Re: Q: How much Swap space?

From: David Wright (david_c_wright_at_hotmail.com)
Date: 02/22/05


Date: Tue, 22 Feb 2005 09:43:56 +0100

Arthur Hagen wrote:

> David Wright <david_c_wright@hotmail.com> wrote:
>> Arthur Hagen wrote:
>>
>>> mjt <mjtobler@removethis_mail.ru> wrote:
>>>> if this is a home workstation, Linux may not use the swap.
>>>
>>> It always uses swap. How much depends on a lot of factors, but you
>>> should always see *some* swap use.
>>
>> total used free shared buffers cached
>> Mem: 775688 360040 415648 0 444 208904
>> -/+ buffers/cache: 150692 624996
>> Swap: 1052216 0 1052216
>
> Ok, let me take that back. On a typical modern computer that's been up
> for long enough and seen enough disk reads to fill up the memory with
> cache, you
> should always see *some* swap use. In the above case, you still have
> plenty of unused physical memory (which is a bad thing).
> With time, the Mem/cached figure should increase and the Mem/free figure
> decrease (which is a good thing), and once that gets low enough, a
> properly configured system should and will page out really old pages
> instead of
> discarding more frequently used disk cache. Unless you have an incredibly
> lean system, there will always be unused pages that can be swapped out.
> How much depends on the system and how it's used.
>
> Regards,

The only "bad" thing about not having used any swap, IMHO, is that I have
wasted a bit of money on unused RAM. Using the swap is slower than keeping
it in RAM. If there is no need to go to disk to store pages, then that is
more efficient than having to use the swap heavily.

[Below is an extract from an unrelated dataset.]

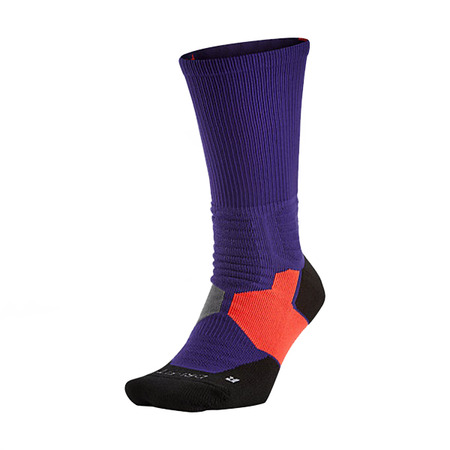 Calcetines Nike Hyper Elite Basket Crew (566/purple/crisom/negro)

I agree with part of your argument, that it should start swapping out the
least used pages to make way for more commonly used caches, but, if it can
can cache and keep everything in memory, then that is still more efficient
than using swap - it might be a little inefficient in memory cost terms;
I've spent slightly more money on memory than I may have needed.

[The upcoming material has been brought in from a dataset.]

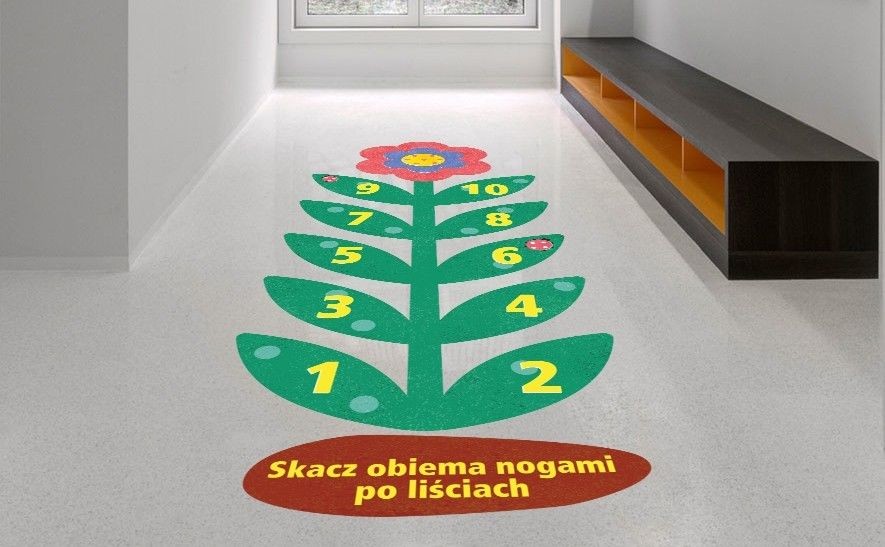 KWIAT Z ŁODYGĄ - moduł ścieżki sensorycznej ZP019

OK, I agree, that machine hadn't been up long, less than 4 days.

My Gateway machine has been up since I upgraded it:

root@Defender:~ # uptime
 08:57:20 up 48 days, 16:08, 2 users, load average: 0.02, 0.03, 0.00
root@Defender:~ # free
             total used free shared buffers cached
Mem: 30108 25532 4576 0 744 9316
-/+ buffers/cache: 15472 14636
Swap: 59388 2852 56536

With only 32MB onboard, I would expect it to use a little bit of swap, but
2,8m isn't a lot, so that looks fairly healthy to me.